Decentraland, the virtual real estate platform once valued at a billion dollars, is now in a free fall. The company’s revenues have plummeted over the past year, with only a handful of users trading virtual real estate. In Decentraland’s virtual world, slices of land are sold as NFTs, which are bought and sold in the platform. However, only between 20 and 30 people are buying and selling property on a weekly basis, amounting to roughly $50,000, according to The Block.

The numbers paint a grim picture for the future of virtual real estate. Trading volumes in millions of dollars between late 2021 and early 2022 have now reduced to almost nothing. Decentraland’s woes are indicative of a much bigger decline in interest in owning virtual real estate. Even other platforms like The Sandbox are struggling to attract serious numbers of users.

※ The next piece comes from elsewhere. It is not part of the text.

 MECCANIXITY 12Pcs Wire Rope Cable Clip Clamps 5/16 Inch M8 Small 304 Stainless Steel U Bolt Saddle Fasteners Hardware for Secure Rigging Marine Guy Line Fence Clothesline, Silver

Last year, DappRadar, a data aggregator, found that Decentraland only had 38 “active users” over a 24-hour period, despite the company’s lofty billion-dollar market cap. In a recent Fashion Week event, Decentraland had only 26,000 users attend, compared to over 100,000 users last year. Many users expressed disappointment, with one attendee noting, “the world didn’t feel very alive.”

Metaverse architect Hunter Swihart believes that Decentraland’s failure to attract users will result in the platform going under in the near future. He called out the big businesses that bought land for millions of dollars, which he now considers a terrible mistake.

YouTuber Dan Olson was even more scathing, describing the platform as a “bad video game made up of smaller, worse video games wrapped in real-estate scheme cosplaying as The Matrix” in a 109-minute takedown.

The decline in virtual real estate trading volumes points to the virtual metaverse real estate market being a bubble ready to burst. It remains to be seen if other platforms can turn the tide and reignite interest in virtual real estate, or if this trend is irreversible.